### Action item
Your task is to repeat the entries exactly from their first line through the line with "White Slim Bread Bag - 10pcs", and to stop there.
________________________
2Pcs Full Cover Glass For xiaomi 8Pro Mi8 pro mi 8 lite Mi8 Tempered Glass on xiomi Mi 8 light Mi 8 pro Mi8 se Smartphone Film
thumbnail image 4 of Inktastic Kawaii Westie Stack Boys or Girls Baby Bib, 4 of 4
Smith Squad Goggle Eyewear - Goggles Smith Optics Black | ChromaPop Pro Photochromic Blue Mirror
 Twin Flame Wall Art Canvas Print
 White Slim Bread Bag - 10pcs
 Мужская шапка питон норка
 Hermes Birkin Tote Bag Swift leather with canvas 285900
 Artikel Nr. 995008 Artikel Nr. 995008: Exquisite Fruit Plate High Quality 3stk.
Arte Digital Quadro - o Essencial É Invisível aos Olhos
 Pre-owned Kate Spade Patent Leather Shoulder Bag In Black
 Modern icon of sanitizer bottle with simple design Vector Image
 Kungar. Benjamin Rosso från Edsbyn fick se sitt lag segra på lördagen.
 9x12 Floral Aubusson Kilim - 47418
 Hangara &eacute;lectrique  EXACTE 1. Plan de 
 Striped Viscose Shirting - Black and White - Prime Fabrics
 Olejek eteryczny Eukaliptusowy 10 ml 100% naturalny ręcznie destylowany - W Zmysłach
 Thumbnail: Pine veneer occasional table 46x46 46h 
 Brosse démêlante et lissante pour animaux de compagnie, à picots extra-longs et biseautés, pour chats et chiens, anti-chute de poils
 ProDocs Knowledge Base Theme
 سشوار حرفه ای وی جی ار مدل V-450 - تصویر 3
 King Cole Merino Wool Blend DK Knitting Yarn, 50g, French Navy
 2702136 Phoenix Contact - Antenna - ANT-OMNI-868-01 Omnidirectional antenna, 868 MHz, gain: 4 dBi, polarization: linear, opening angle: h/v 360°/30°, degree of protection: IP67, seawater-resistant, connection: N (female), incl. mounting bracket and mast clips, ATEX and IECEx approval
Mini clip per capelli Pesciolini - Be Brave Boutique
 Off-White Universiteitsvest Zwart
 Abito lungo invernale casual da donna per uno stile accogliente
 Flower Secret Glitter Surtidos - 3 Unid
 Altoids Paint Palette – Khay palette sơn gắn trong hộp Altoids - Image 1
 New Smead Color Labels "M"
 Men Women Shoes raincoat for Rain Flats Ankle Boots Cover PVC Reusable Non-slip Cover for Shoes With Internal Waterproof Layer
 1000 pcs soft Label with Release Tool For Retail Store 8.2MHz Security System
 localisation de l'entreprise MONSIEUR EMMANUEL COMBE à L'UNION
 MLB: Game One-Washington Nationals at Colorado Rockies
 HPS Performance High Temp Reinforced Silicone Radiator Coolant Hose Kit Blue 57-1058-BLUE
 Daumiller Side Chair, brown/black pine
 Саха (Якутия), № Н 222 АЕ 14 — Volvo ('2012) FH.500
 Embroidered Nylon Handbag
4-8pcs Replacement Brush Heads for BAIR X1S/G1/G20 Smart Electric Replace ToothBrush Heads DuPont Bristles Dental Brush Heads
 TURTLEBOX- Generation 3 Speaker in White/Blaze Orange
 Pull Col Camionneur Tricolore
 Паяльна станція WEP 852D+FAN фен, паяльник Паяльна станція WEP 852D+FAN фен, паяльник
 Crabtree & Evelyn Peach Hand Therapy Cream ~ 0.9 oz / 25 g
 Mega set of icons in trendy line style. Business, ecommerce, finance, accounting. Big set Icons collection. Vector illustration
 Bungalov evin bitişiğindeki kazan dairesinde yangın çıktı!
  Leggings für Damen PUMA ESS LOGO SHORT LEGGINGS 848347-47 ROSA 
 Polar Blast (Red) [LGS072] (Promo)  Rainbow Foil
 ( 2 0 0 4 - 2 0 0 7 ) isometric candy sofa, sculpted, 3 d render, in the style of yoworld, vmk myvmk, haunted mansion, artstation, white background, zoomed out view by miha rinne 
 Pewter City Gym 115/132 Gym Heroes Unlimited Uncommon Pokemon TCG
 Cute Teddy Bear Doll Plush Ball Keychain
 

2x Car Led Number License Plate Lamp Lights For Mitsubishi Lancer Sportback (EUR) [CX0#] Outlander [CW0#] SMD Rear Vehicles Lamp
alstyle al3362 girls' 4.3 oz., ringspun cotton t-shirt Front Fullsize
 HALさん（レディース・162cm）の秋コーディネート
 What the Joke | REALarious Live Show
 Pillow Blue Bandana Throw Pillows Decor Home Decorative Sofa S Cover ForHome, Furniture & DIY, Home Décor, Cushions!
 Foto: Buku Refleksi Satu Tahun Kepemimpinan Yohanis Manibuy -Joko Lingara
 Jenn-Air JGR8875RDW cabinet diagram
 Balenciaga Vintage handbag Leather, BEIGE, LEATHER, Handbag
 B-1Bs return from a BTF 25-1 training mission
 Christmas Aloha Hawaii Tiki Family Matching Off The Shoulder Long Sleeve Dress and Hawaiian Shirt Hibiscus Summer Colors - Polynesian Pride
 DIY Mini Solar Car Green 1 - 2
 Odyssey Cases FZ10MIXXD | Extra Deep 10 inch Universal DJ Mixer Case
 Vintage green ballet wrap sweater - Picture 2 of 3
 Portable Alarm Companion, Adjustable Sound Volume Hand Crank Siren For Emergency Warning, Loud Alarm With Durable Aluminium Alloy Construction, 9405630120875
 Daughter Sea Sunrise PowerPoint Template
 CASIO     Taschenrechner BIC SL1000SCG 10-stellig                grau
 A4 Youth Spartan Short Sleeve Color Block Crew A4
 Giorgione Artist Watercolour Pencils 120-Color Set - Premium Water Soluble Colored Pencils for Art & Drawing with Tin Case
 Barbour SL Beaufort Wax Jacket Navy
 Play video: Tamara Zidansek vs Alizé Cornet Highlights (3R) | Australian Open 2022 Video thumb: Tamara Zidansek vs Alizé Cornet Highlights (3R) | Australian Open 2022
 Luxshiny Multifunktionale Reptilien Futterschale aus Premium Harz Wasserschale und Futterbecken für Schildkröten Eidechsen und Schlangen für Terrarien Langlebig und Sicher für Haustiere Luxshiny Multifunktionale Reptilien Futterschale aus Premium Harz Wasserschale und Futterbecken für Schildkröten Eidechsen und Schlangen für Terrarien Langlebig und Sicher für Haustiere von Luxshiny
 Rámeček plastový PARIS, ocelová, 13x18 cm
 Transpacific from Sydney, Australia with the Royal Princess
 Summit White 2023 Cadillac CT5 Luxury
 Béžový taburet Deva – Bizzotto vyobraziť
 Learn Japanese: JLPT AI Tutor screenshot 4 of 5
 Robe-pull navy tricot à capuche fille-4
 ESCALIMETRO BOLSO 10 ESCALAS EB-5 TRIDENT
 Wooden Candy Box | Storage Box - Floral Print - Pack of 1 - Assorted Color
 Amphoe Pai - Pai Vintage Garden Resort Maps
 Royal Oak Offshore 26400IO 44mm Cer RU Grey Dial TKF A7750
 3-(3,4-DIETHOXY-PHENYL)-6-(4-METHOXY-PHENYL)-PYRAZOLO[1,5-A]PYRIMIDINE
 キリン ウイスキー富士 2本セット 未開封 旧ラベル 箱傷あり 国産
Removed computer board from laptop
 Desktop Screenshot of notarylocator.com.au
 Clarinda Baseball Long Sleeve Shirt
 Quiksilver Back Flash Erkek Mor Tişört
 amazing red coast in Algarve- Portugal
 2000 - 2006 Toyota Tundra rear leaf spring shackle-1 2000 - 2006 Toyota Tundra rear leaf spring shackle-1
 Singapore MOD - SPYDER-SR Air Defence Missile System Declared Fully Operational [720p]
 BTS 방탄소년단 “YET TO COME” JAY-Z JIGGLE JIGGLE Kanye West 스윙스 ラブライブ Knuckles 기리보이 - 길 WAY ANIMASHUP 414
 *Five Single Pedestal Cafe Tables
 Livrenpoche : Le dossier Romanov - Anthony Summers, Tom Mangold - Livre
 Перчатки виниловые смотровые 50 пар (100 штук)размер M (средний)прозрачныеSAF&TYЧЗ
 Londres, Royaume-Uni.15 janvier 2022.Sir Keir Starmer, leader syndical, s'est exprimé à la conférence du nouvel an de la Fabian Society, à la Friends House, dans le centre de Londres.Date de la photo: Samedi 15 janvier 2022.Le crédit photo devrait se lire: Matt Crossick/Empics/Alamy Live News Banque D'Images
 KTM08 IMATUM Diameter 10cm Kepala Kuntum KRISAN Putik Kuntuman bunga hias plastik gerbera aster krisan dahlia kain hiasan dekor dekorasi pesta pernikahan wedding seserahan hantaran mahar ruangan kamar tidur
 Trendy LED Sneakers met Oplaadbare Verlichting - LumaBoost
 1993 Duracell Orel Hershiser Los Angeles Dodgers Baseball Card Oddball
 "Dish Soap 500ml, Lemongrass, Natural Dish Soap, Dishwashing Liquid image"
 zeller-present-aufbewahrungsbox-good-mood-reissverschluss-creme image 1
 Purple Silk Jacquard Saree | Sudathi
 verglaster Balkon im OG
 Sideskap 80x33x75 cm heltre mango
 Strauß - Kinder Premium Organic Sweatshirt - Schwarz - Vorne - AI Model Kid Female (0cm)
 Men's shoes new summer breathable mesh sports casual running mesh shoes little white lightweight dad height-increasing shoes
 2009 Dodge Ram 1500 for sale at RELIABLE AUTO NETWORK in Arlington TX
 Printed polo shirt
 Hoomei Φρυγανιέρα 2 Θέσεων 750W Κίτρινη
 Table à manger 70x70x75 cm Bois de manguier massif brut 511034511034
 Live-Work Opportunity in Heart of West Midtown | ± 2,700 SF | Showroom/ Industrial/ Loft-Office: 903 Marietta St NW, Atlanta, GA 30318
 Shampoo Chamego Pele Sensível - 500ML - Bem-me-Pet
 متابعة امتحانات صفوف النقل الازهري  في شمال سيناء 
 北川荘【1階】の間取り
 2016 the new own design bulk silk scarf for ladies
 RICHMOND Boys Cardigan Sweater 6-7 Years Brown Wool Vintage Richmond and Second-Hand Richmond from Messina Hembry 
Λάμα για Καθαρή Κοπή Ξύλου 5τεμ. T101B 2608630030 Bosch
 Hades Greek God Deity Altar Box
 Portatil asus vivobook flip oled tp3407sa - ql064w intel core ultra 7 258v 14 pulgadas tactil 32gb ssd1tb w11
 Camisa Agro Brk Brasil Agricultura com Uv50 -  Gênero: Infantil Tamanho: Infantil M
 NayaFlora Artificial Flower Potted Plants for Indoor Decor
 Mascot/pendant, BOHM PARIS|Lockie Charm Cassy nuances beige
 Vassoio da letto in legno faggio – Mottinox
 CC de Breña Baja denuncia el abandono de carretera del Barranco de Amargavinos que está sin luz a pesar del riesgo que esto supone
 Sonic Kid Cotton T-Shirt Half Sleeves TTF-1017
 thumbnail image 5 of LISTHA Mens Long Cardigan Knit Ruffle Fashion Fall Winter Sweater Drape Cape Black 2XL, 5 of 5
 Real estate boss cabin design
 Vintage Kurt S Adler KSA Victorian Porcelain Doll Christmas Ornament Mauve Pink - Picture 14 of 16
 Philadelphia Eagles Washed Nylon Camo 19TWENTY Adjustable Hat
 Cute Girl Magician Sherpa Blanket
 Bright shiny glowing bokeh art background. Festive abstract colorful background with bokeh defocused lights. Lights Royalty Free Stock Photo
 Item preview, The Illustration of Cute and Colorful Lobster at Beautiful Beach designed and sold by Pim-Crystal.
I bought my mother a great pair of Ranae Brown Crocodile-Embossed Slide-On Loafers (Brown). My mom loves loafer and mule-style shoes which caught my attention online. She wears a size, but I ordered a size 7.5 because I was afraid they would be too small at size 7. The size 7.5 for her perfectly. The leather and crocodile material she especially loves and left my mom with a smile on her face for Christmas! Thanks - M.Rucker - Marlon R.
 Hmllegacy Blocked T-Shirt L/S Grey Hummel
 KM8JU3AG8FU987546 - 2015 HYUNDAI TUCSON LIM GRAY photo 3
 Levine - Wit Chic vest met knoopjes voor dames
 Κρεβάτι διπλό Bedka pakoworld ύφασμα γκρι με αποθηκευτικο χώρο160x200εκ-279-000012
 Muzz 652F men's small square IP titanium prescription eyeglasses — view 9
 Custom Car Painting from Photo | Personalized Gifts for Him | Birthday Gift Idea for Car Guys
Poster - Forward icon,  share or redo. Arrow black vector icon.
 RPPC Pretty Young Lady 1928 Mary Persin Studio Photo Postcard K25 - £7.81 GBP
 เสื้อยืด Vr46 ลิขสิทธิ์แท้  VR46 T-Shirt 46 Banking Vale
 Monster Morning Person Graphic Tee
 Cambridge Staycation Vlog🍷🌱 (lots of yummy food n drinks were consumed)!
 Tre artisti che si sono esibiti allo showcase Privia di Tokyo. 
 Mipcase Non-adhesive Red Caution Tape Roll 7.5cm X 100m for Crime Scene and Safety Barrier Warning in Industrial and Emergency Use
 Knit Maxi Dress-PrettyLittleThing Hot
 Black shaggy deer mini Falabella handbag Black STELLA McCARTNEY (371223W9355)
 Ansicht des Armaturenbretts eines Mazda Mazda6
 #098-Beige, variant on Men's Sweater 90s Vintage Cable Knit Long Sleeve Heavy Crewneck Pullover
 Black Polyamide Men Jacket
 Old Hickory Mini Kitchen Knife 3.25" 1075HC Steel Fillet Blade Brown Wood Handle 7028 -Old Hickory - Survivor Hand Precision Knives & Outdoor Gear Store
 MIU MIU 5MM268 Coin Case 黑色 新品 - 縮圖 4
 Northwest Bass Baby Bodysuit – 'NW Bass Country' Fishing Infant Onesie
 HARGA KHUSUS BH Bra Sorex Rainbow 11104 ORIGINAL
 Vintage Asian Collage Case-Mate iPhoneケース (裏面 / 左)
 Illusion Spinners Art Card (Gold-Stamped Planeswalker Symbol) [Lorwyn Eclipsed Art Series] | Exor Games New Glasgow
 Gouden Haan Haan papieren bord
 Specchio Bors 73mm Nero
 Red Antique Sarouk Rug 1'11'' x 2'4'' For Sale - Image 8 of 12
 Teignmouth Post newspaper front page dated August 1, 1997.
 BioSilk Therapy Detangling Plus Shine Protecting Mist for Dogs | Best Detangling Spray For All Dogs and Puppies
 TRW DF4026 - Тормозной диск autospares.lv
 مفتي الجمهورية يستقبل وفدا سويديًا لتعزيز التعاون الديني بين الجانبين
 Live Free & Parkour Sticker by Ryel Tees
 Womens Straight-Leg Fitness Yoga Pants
________________________
### Answer section
2Pcs Full Cover Glass For xiaomi 8Pro Mi8 pro mi 8 lite Mi8 Tempered Glass on xiomi Mi 8 light Mi 8 pro Mi8 se Smartphone Film
thumbnail image 4 of Inktastic Kawaii Westie Stack Boys or Girls Baby Bib, 4 of 4
Smith Squad Goggle Eyewear - Goggles Smith Optics Black | ChromaPop Pro Photochromic Blue Mirror
 Twin Flame Wall Art Canvas Print
 White Slim Bread Bag - 10pcs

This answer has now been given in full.